Jeannie travels to New York City with Lieutenant Delaware to meet Wayne Stattner. He is a fourth twin, and an evident a sadist, but he has an alibi for Lisa's rape. Steve's father, Colonel Charles Logan, reveals that the motivation for the cloning was a "super-soldier" program; Steve was literally bred to be a killer. Col. Logan runs Jeannie's search on Pentagon computers, yielding three suspects: Henry King, George Dassault, and Harvey Jones. Jeannie and Lisa prove that Harvey Jones of Philadelphia is the rapist. Harvey is Berry's son, whom Berry sends to spy on Jeannie by impersonating Steve. Jeannie detects him and Steve subdues him. Jeannie, Lisa, and Steve crash the Landsmann-Genetico press conference. Steve tries to spy on Berry, who restrains Steve and frees Harvey. Lisa brings King, Dassault, and Stattner to the press conference; Harvey is present and Steve also arrives, drawing the press' attention. Steve realizes that his identity is determined by his autonomy rather than his genes or his upbringing.

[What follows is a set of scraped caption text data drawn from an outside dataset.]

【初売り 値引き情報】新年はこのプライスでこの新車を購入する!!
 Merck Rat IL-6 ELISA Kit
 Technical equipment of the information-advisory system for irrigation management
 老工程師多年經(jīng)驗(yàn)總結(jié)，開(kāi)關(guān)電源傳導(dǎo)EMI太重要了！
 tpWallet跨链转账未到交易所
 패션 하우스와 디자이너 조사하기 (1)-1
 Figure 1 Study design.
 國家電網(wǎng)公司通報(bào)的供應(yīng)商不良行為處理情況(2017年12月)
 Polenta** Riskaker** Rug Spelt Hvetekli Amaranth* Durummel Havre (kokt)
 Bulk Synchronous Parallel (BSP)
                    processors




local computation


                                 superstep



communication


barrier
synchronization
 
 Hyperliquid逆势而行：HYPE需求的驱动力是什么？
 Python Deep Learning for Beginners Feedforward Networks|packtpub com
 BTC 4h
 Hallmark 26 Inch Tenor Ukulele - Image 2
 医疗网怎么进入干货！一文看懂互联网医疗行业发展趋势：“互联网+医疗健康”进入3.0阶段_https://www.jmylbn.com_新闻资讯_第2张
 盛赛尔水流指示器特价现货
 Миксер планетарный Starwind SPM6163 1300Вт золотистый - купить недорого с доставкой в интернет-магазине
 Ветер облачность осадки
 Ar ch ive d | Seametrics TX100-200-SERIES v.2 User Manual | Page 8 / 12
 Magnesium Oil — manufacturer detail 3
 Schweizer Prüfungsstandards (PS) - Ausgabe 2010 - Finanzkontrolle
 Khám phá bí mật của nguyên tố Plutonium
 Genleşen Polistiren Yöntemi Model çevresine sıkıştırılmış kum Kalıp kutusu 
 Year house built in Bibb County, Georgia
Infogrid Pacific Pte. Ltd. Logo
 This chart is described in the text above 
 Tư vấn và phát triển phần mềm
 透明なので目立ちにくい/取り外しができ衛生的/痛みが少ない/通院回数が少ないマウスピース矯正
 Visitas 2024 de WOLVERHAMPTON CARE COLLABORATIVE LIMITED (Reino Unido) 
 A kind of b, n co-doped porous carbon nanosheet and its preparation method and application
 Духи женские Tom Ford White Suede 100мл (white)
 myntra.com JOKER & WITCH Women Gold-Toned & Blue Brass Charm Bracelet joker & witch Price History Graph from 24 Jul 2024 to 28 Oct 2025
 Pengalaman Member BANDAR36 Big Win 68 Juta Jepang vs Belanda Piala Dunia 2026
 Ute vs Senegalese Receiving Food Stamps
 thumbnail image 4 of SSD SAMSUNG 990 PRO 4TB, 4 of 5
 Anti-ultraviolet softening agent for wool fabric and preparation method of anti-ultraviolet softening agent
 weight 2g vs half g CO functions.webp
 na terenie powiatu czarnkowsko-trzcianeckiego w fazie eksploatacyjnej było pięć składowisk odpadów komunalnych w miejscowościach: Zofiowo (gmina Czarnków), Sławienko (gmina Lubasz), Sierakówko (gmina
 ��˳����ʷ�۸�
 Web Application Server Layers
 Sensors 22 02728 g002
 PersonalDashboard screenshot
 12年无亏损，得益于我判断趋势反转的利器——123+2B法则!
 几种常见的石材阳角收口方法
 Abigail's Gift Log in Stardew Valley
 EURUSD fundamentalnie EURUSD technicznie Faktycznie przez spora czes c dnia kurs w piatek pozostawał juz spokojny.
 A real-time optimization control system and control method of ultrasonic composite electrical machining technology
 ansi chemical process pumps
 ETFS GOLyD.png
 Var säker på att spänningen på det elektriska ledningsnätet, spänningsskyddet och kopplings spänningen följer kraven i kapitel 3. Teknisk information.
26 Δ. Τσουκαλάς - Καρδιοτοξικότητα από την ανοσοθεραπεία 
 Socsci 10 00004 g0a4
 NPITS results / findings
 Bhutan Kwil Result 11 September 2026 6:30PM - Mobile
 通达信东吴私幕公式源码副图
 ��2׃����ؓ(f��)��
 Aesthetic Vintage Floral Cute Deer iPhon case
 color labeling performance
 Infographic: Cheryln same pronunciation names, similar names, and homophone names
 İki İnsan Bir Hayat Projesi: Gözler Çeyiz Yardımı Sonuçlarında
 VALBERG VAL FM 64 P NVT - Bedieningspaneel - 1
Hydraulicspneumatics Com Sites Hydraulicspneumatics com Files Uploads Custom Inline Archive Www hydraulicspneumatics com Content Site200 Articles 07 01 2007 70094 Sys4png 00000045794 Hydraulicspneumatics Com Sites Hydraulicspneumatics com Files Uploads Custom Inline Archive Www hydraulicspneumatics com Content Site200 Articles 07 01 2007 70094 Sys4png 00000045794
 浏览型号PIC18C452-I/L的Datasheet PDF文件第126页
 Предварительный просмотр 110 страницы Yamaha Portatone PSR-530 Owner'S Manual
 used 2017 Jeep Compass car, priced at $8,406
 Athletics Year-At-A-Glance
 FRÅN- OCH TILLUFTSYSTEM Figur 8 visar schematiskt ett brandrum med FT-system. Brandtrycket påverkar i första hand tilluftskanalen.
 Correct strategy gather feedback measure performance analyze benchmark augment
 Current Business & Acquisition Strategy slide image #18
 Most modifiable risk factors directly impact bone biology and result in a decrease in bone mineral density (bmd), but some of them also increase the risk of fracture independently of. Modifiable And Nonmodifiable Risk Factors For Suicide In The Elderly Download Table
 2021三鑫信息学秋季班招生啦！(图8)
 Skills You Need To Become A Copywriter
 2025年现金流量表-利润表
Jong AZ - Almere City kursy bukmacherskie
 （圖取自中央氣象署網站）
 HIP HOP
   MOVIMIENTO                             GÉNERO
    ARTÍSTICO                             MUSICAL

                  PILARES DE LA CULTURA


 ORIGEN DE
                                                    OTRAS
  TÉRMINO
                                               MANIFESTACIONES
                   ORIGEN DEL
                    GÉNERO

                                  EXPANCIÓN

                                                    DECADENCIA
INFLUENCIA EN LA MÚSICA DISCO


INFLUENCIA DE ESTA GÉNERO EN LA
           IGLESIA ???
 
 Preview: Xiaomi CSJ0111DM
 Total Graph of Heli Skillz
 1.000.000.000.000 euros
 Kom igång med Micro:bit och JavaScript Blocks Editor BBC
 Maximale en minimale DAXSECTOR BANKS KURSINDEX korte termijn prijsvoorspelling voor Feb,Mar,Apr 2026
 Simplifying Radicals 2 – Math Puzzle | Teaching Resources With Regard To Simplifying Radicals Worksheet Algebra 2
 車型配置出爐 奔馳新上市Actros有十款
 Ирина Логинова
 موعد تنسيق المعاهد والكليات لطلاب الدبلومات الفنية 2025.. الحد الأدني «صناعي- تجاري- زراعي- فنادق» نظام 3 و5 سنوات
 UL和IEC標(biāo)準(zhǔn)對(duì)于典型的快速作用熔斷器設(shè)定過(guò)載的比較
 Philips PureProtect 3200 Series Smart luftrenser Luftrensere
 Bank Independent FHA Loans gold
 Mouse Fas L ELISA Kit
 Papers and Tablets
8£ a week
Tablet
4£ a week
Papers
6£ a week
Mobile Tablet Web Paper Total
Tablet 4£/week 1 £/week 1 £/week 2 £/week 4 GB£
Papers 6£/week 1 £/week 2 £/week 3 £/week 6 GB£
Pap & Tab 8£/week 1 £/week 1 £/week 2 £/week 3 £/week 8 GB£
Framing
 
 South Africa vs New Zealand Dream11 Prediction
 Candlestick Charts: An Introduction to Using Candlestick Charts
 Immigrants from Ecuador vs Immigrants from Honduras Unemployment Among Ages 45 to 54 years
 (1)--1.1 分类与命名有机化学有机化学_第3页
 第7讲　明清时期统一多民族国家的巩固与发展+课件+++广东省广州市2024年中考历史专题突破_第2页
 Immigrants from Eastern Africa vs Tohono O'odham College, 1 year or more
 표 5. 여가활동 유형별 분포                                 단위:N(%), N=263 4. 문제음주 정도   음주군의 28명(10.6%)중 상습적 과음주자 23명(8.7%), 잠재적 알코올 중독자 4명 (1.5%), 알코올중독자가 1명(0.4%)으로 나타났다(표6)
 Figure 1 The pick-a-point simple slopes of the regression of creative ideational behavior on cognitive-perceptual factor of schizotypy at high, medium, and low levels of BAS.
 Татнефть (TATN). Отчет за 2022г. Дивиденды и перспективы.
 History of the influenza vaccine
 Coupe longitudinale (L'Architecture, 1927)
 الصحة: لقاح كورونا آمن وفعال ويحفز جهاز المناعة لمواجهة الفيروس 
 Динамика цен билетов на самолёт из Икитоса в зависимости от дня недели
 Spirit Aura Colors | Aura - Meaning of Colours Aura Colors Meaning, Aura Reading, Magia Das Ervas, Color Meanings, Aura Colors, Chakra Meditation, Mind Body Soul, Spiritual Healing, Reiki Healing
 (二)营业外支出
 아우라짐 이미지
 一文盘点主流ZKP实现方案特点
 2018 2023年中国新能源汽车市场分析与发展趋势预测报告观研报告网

Nine months later, Jeannie and Steve prepare to take their honeymoon. Genetico and its founders have been discredited; Pete has started a profitable private security business, and Harvey is in prison. Jeannie has taken a lucrative position at Landsmann, and has moved her mother into a better facility.

==Film adaptation==
An eponymous 1997 television film produced by CBS starred Kelly McGillis as Doctor Jean Ferrami, Larry Hagman and Jason Gedrick as Steve Logan, Harvey Jones, and the other clones. It deals with similar themes as Cloned, which was released only a month prior by NBC, but The Third Twin received greater acclaim.

== Reception ==
Carlos Ramet noted that the character of Jeannie Ferrami, one of the novel's main protagonists, is an example of the change in Follet's writing, i.e. "the change in emphasis from male to female perspective" and the development of capable and heroic female characters. Kirkus Reviews published a review calling the characters "lackluster" and the story a "slow-starter," but gave Follett credit for his depiction of the difficulties faced by rape victims pursuing justice.